Социальная катастрофа потентна, как и криминальная среда. Неправда, что прямой вопрос о выживании опрощает человеческое существование. Вызов выживания вскрывает понимание жизни, как насущного, а не комфортного, вызывая прорыв к имманентности. Чувства и краски становятся ярче. В этой вспышке возможно рождение художника практически невольное.
Даже сторонники теории праздного класса, как создателя искусств, должны признать, что сама логика искусства подталкивает праздный класс работать на подрыв основ собственной повседневной стабильности. Иначе создавался бы декор, дизайн, но не искусство. Искусство это уже перемена, выход за пределы необходимого. Вслед за образом следует мысль, за ней – перестройка, бунт, революция. Праздность гибнет, избегая опасности просто протухнуть. И в очищенной от ее мягких, но прочных оков безнадежности искусство получает новый глоток воздуха.
Социальные сломы не гарантируют немедленного появления настоящего. Из водопроводного крана, в который долго не подавали воду, сперва течет ржавая жижа. Такова ситуация и с культурой в годы перемен. Первое, с чем мы сталкиваемся – бодрийяровское «смешение всего со всем», спекуляции, плакатность и кич. Чистое проявляется лишь со временем.
Крах Советского Союза, последнего грандиозного модернистского проекта, рожденного творчеством праздного класса минувших веков, стал событием гротескным в большей степени, чем трагическим. Эйфория от падения запретов перекрывала невзгоды и обнищание. Но человек советский, над выведением которого десятилетиями трудились в Кремле, к сожалению, сформировался. Одной из главных его ментальных черт оказалась наивность. Не детская, а злостная. Подростковая.
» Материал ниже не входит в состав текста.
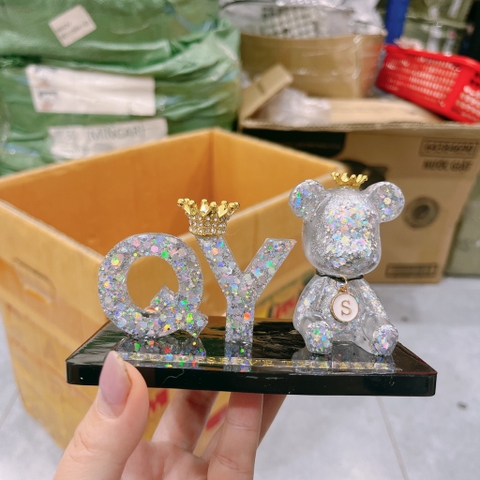Bảng sdt gấu BearBrick màu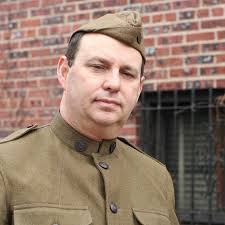 Lyons Press editor James Jayo (left) and author Kevin C. Fitzpatrick at the  Algonquin Hotel launch party for Fitzpatrick's Under...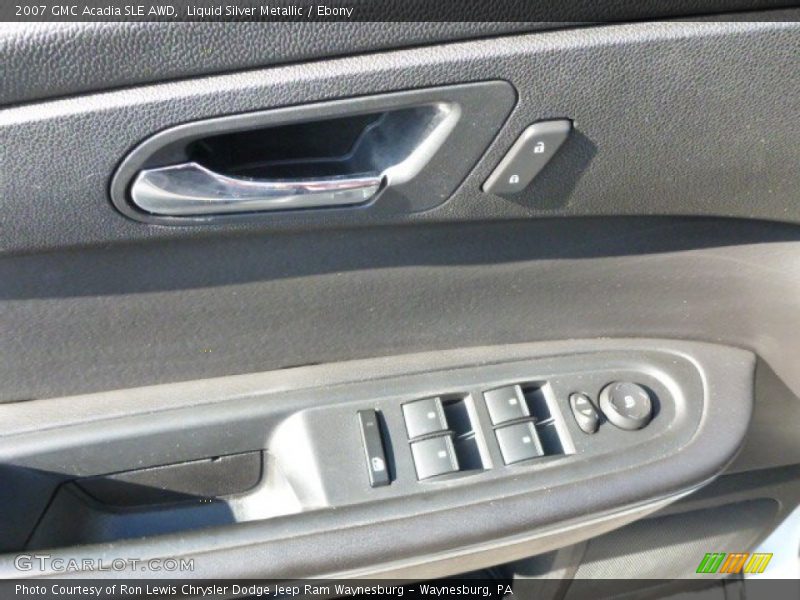 Liquid Silver Metallic / Ebony 2007 GMC Acadia SLE AWD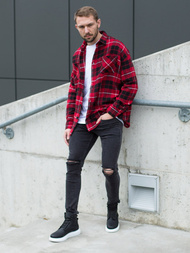 Pánské Sneakery Vysoké Černé OZONEE KN/404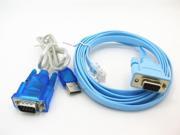 USB to RS232 Serial to RJ45 Cat5 Adapter Connector Cable Cord for Cisco Routers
Подростковой наивности свойственны эмоциональность и манихейство. Это сочетание губительно для ясности, для памяти, оно обречено на фрустрацию. И даже фрустрация не приводит к рефлексии без взрослости. Человеку советскому взрослеть не полагалось. Ментальная генетика большевиков дает о себе знать и сегодня, спустя четверть века после официальной денонсации СССР. Парни и девушки, в глаза не видавшие пионерского галстука, проявляют истое рвение в готовности выбрать путь комсомольцев. Не революционных романтиков и энтузиастов, но лицемерных дегуманизированных функционеров времен «дорогого Леонида Ильича». Плоды его правления, а вовсе не горбачевской перестройки, вызрели в цинизме, популизме и войнах постсоветского пространства.
Церемониальное лицемерие и двоемыслие брежневских лет дали очень неоднозначные всходы. Эгоцентричный цинизм настроенного на выживание и, по возможности, накопление мещанина породил псевдолиберальных политиков, олигархов, молодых прихожан секты социального дарвинизма Айн Рэнд. Романтизм бунтарства и восторг от того, что запреты пали, а значит, все, что было запрещено – хорошо и задорно («смешение всего со всем») выродился в неофашизм и насилие. Параллельно дав замечательную культурную волну рок-музыкантов и художников, к дню сегодняшнему деградировавшую до маньеризма, называемого гламуром и постмодернизмом в постсоветском понимании, близком скорее к зубоскальству. Диссидентство открыло для себя возможности грантового финансирования и удовольствие ощутить себя праздным классом. Но была в СССР и другая порода людей. Каковых, как и себя, собственно, социолог и логик Александр Зиновьев назвал отщепенцами.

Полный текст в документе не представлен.